[Image-text web data]
►
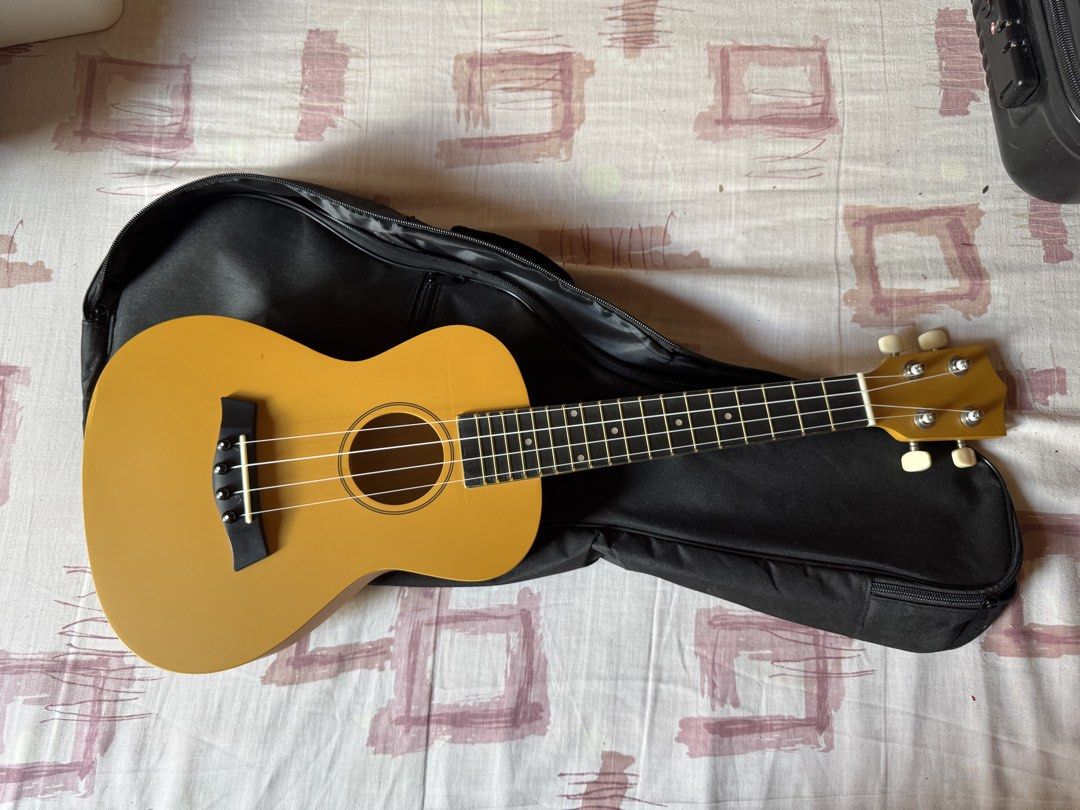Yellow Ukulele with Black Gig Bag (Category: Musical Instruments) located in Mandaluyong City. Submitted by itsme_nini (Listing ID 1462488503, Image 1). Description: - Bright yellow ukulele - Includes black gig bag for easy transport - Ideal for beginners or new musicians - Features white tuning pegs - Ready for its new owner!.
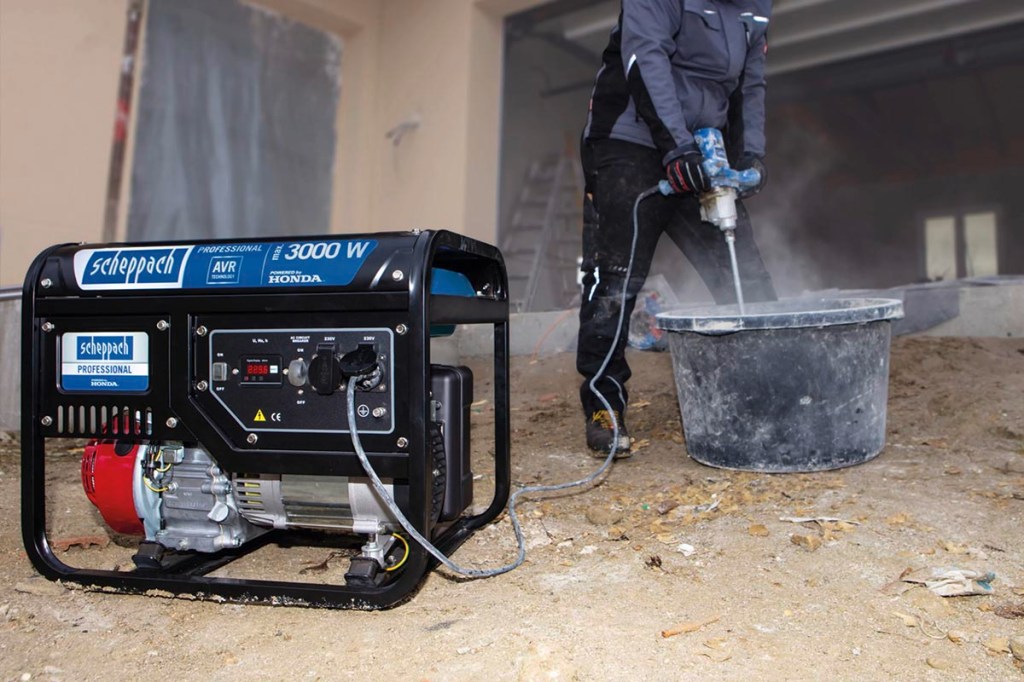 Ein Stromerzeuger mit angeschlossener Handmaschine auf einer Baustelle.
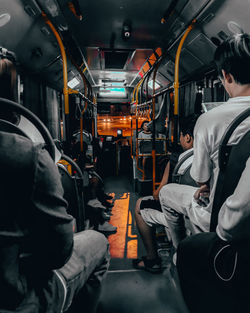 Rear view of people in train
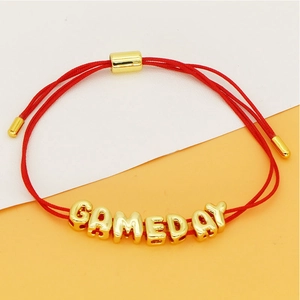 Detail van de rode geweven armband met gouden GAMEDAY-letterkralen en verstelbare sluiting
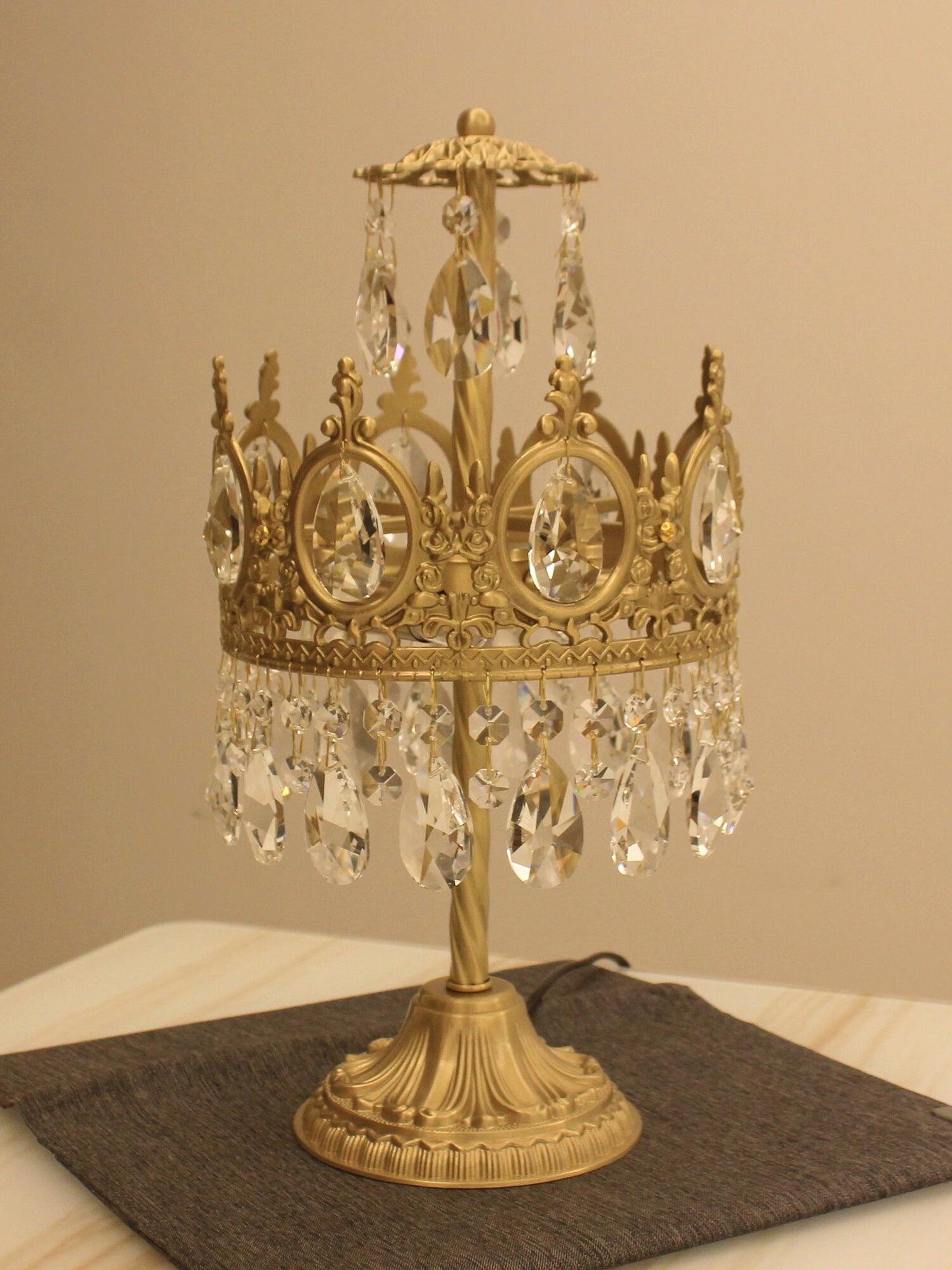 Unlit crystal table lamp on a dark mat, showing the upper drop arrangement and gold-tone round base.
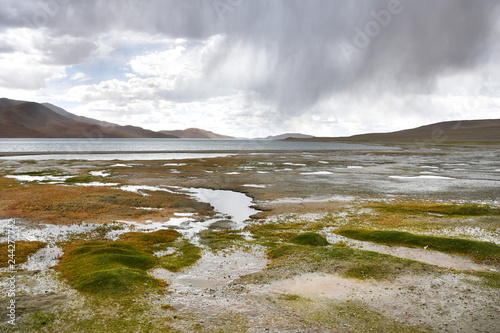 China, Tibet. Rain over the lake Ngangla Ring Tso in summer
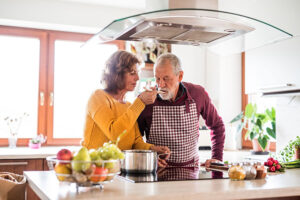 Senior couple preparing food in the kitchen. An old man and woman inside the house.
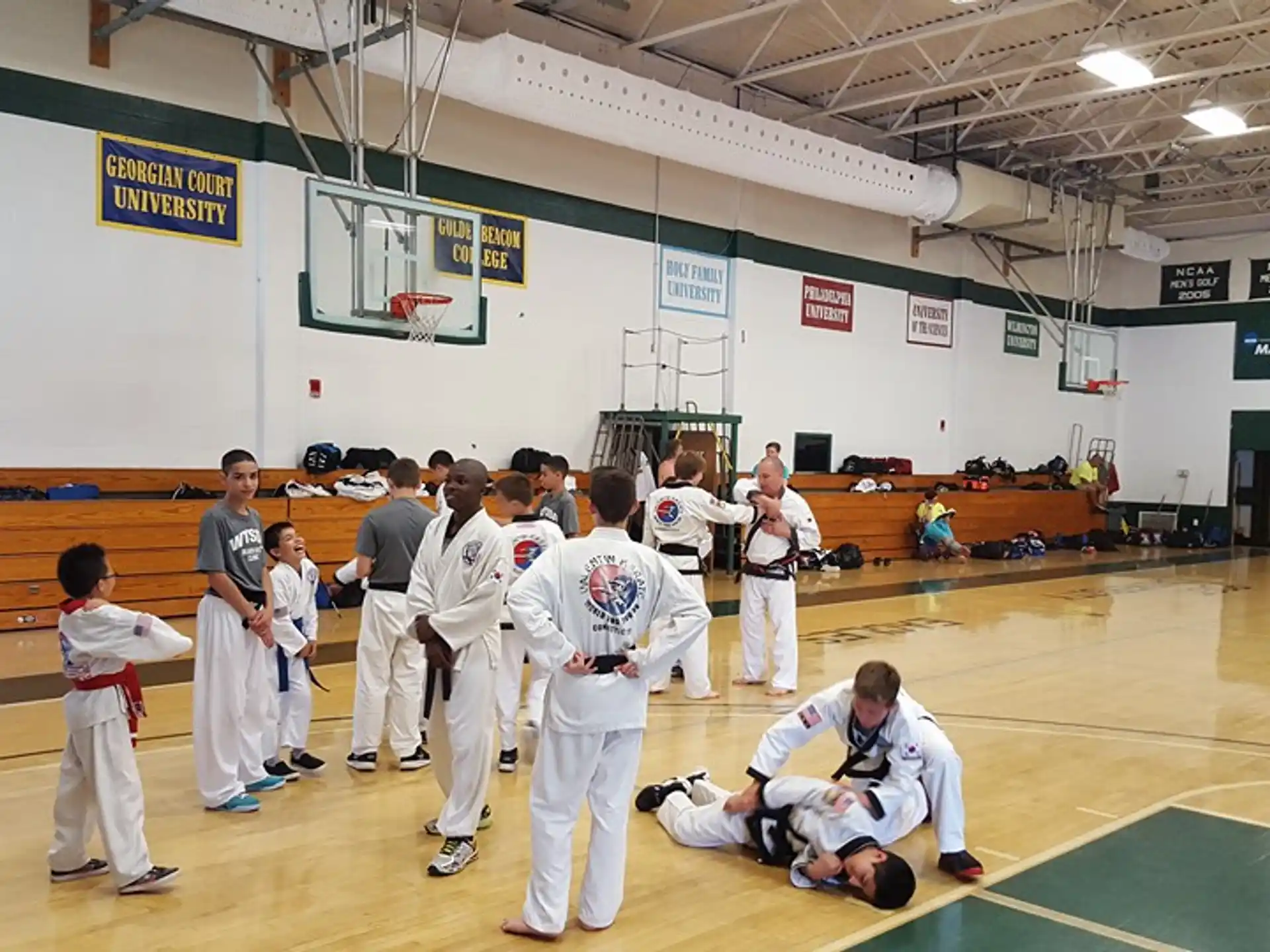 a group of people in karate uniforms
◄
• _Task prompt_: Copy word for word the span of the records above that begins at the line with "Ein Stromerzeuger mit" and ends at the line with "Unlit crystal table", including those two lines but not the pictures.

• _Exercise answer_:
 Ein Stromerzeuger mit angeschlossener Handmaschine auf einer Baustelle.
 Rear view of people in train
 Detail van de rode geweven armband met gouden GAMEDAY-letterkralen en verstelbare sluiting
 Unlit crystal table lamp on a dark mat, showing the upper drop arrangement and gold-tone round base.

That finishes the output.